### [PROBLEM TO WORK ON]
From the line that contains "CREME SUPREME FARBA" to the end of the entries, copy each line exactly, though the pictures stay out.

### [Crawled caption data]
- - - - - - -
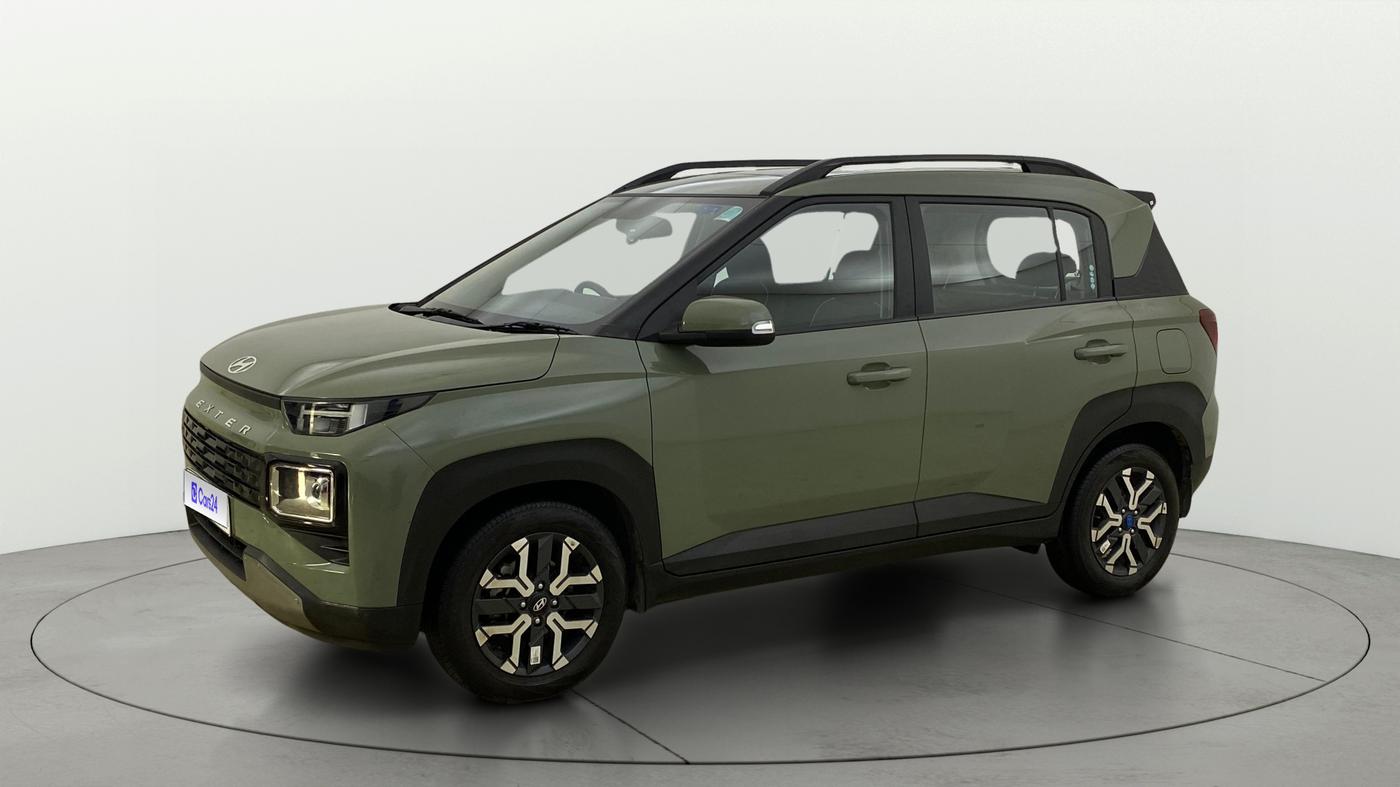 2024 Hyundai EXTER SX(O) CONNECT 1.2 AMT, Petrol, Automatic, 12,899 km, Left Front Diagonal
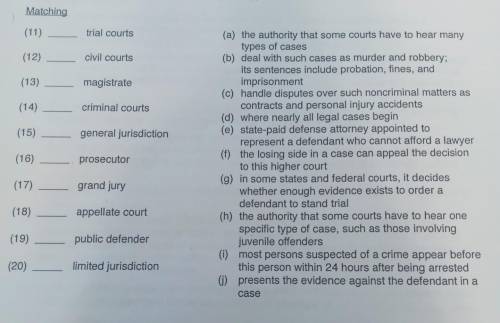 True/False Questions:

- About half of all courts are presided over by judges.- The Supreme Court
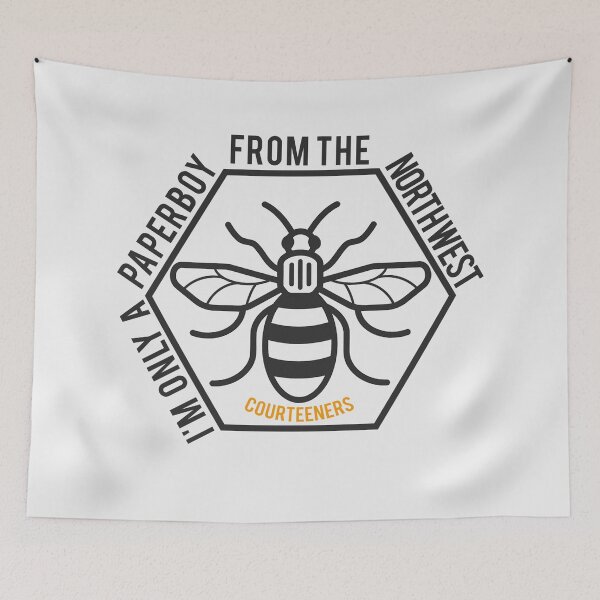 Item preview, Courteeners ➤ Take Over the World (Manchester Bee) designed and sold by Sound-Tees.
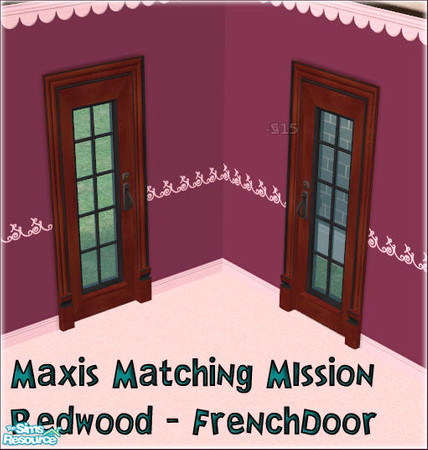 Sims 2 — Mission-Redwood-Frenchdoor by sww — open for business required.*TSRAA*
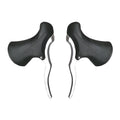 Pair of aluminium alloy road bicycle brake handles in black and black silver colour options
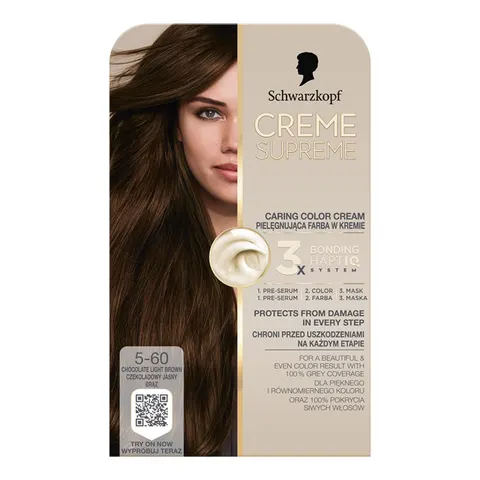 CREME SUPREME FARBA KOL 5-60 CZEKOLADOWY JASNY BRĄZ/CHOCOLATE LIGHT BROWN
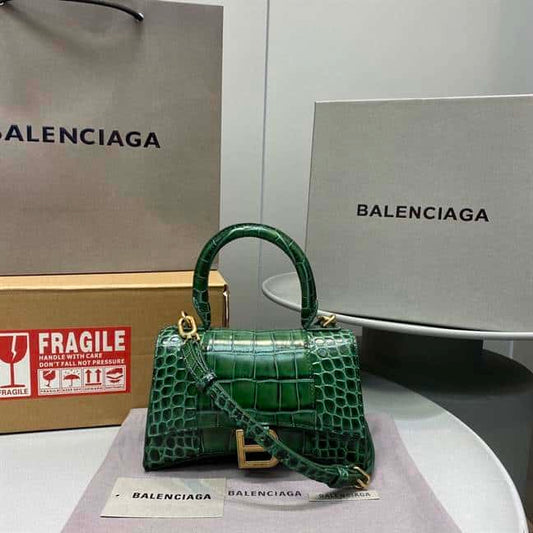 Women'S Hourglass Small Handbag In Forest Green - BHB12 - 1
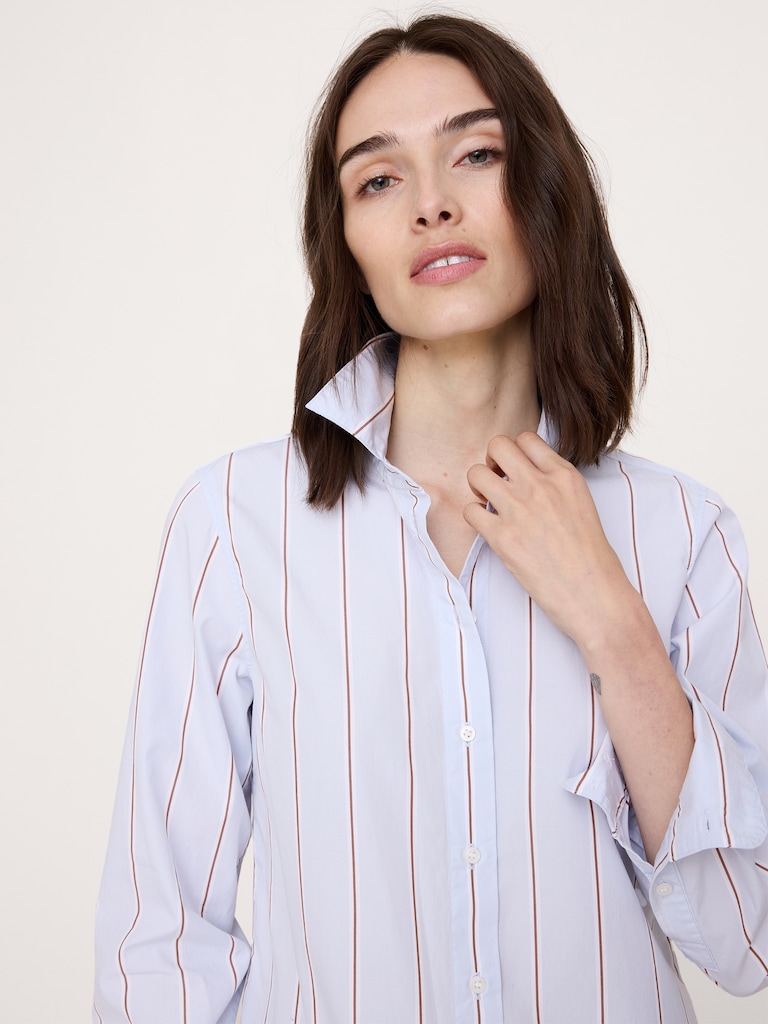 The Everyday Shirt in Cotton Poplin
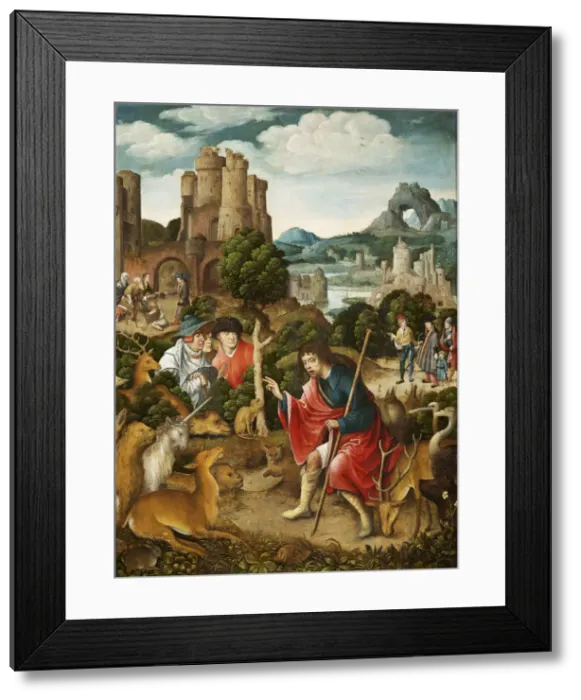 Framed Print : Scene from the life of Saint Roch, 1517. Creator: Orley, Everaert (Everard), van (c Framed Print : Scene from the life of Saint Roch, 1517. Creator: Orley, Everaert (Everard), van (c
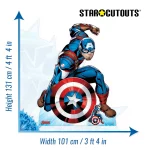 Captain America 'First Avenger' (Marvel Avengers) Lifesize + Mini Cardboard Cutout Size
- - - - - - -
### [REPLY]
 CREME SUPREME FARBA KOL 5-60 CZEKOLADOWY JASNY BRĄZ/CHOCOLATE LIGHT BROWN
 Women'S Hourglass Small Handbag In Forest Green - BHB12 - 1
 The Everyday Shirt in Cotton Poplin
 Framed Print : Scene from the life of Saint Roch, 1517. Creator: Orley, Everaert (Everard), van (c Framed Print : Scene from the life of Saint Roch, 1517. Creator: Orley, Everaert (Everard), van (c
 Captain America 'First Avenger' (Marvel Avengers) Lifesize + Mini Cardboard Cutout Size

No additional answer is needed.